I did find this book to be mostly interesting, especially the parts about her breaking into journalism and how she just kind of fell into wine writing. However, there is so much information packed into this book, it's almost like she's name-dropping famous vintages, people and places into the narrative. There's a lot of stuff crammed into this book. I actually wish she had given more details about less events -- there's about thirty years of career packed into 330 pages of text. I really feel like some parts were just skimmed over. For example, Robinson is explaining how she and her husband bought a house in the south of France and they'd really needed a rest after making a film about the famous food writer Elizabeth David -- but that's basically it, not another word about the film, though David's name pops up here and there later in the book. What about the film? Why was it so stressful? Clearly, Robinson has a lot of great anecdotes, but it seems like she's rushing through everything. Also, I did find her writing a bit pretentious at times, and there are a lot of really long sentences.  

However, I was quite amazed that I remembered as much as I did about various wines and regions. I'm not a wine expert by any stretch of the imagination, but I do know the difference between a Burgundy and a Bordeaux, and I recognized many of the names of the most famous wines and labels (though I will probably never taste most of them). I mostly read it over my lunch hours at work when I was eating some really pathetic Chinese food or leftovers, and it was rather sad, really, reading about fabulous wine tastings at which people are sipping incredibly rare and valuable vintages; meanwhile, I was probably drinking a Diet Coke and eating a tuna sandwich. Oh well -- one can hardly sip vintage wine while on one's lunch break at the library; the administration does tend to frown on intoxication at work. 

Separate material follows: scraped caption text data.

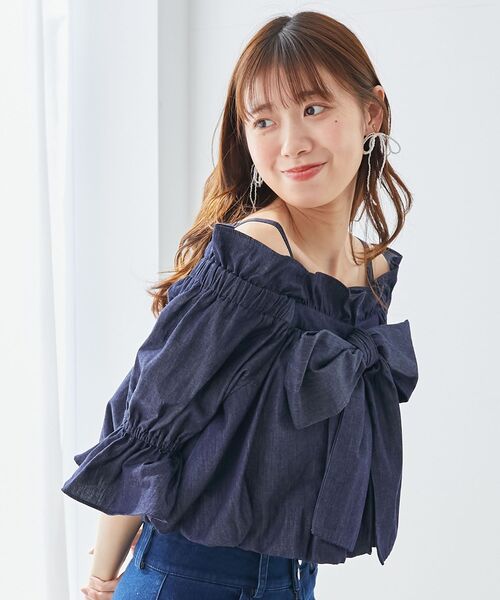 MAJESTIC LEGON(マジェスティックレゴン)の「ビッグリボンオフショルブラウス(シャツ/ブラウス・レディース・ネイビー/ブルー/ブラック系その他/アイボリー・MEDIUM)」の12枚目の写真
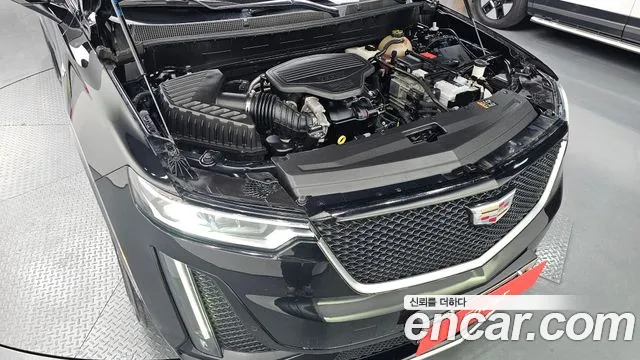 Cadillac XT6 — Фото автомобиля 5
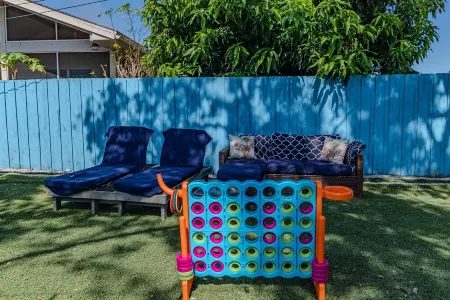 Sleeps 20, HotPool 5Bdr 3Bath Home, 3.5 Miles to the Beach Small Events Welcome Отели рядом с достопримечательностью «Ларго Спортс Комплекс»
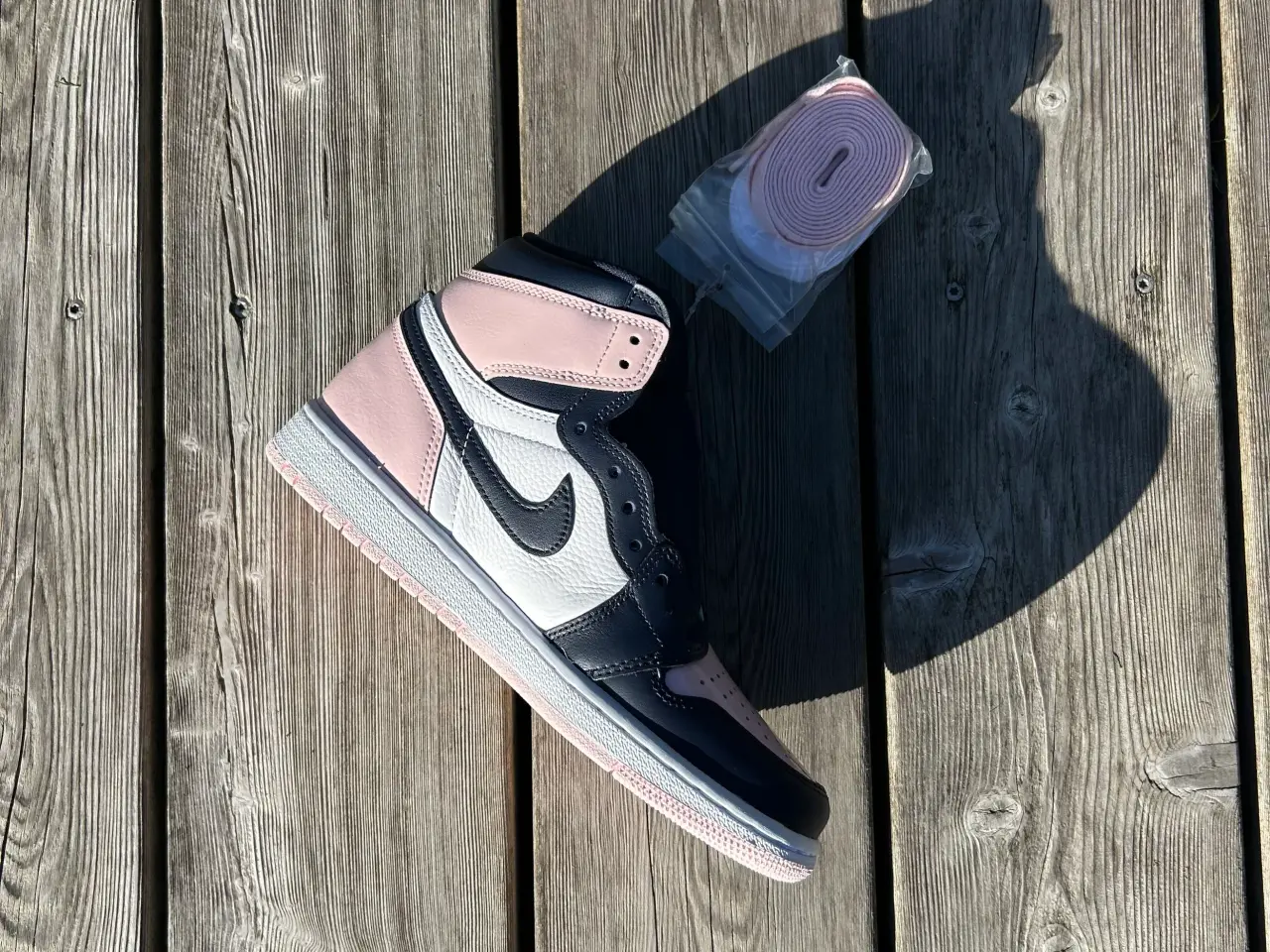 Billede 2 - Jordan 1 High “Atmosphere” (W) i str. 37.5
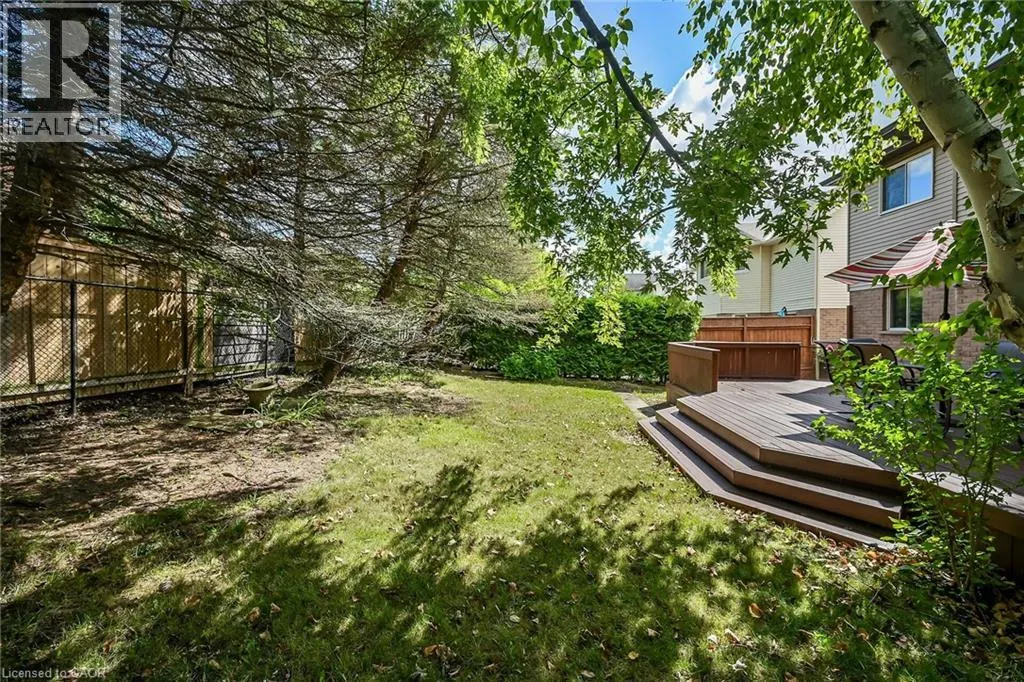 70 GOLFVIEW Crescent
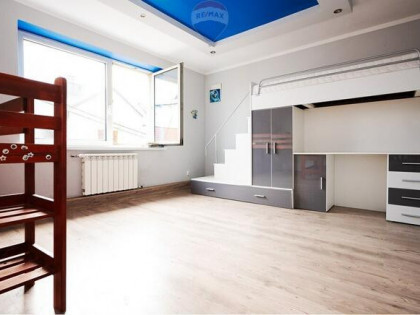 Mieszkanie z ogródkiem i budynkiem gospodarczym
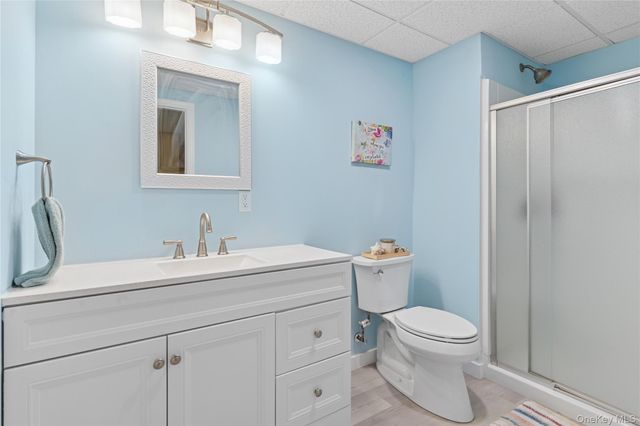 53 Goose Neck Lane, Riverhead, NY 11901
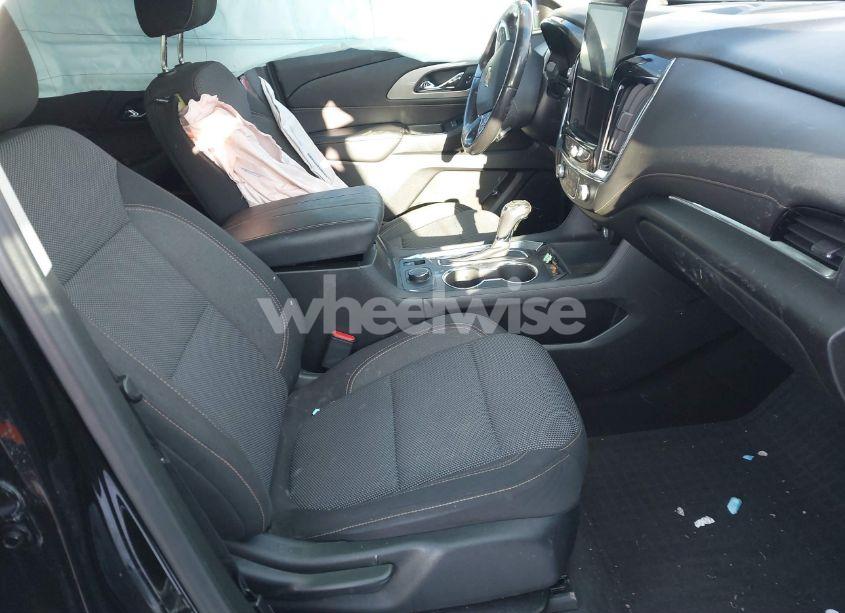 Photo 5 of 2018 Chevrolet Traverse 1LT (VIN 1GNEVGKW4JJ260843)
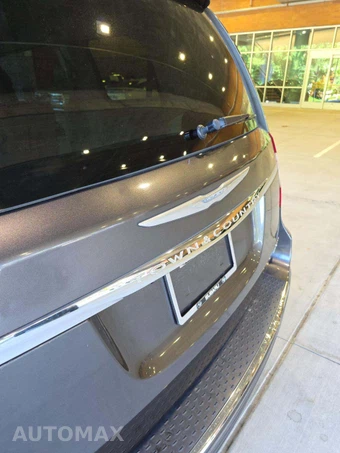 2015 Chrysler Town & Country Limited Platinum 121.2" WB - miniatura 34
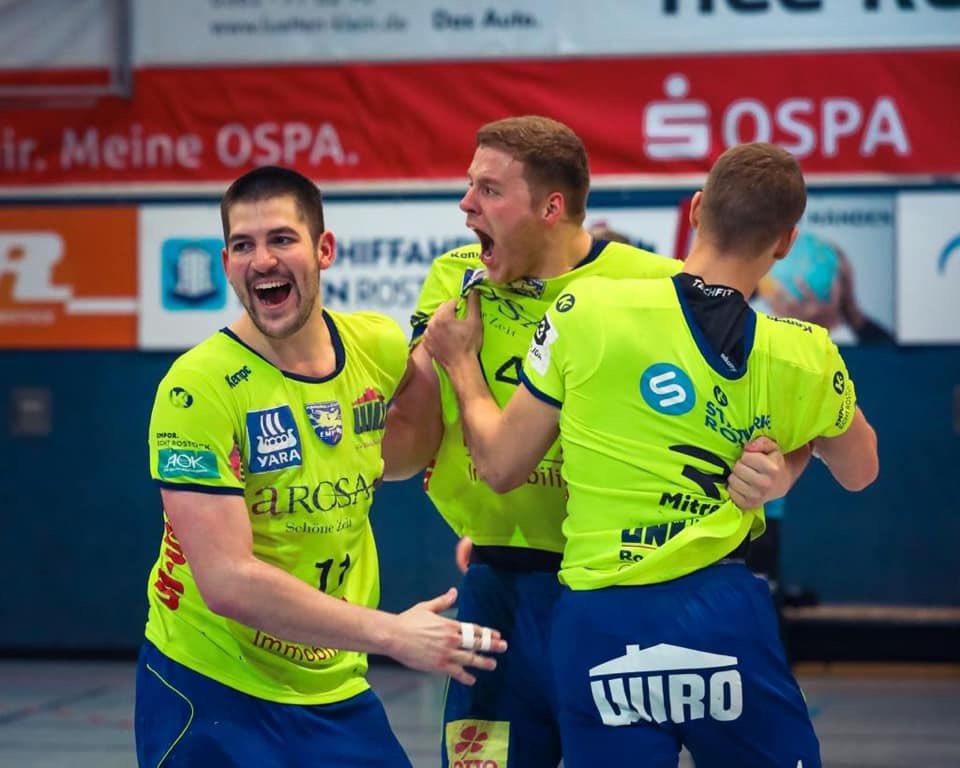 Nur drei Tage nach der Niederlage in Schwerin hat der HC Empor seine Heimbilanz wahren können. Die Rostocker gewannen in einem hochdramatischen Spiel mit 29:28 gegen den SV Anhalt Bernburg und sind seit fast zwei Jahren in der OSPA-Arena ungeschlagen. Foto: Heger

The best parts for me were when Robinson writes in detail about one particular event, like near the end of the book when she describes eating dinner at director Francis Ford Coppola's winery in Napa Valley. It's more anecdotal and less name-dropping of famous vintages. She also mentioned Grape Expectations, which I found terribly amusing -- she didn't like the TV hostess either! (It was a network decision). 

It was really quite interesting and kind of revived my interest in wines -- I've already placed an inter-library loan for a DVD of her most recent wine series, though I'm mostly interested it it as a travelogue.  If I ever have time, I would love to visit the wine regions in California and Europe that Robinson writes about.And I'm very pleased that I finally finished one of the books I've owned the longest. 

Bloggers, which books have been on your TBR shelves the longest? Do they mostly turn out to be duds, or hidden treasures? And how is everyone doing on the 2015 TBR Pile Challenge? I only have three books left to go!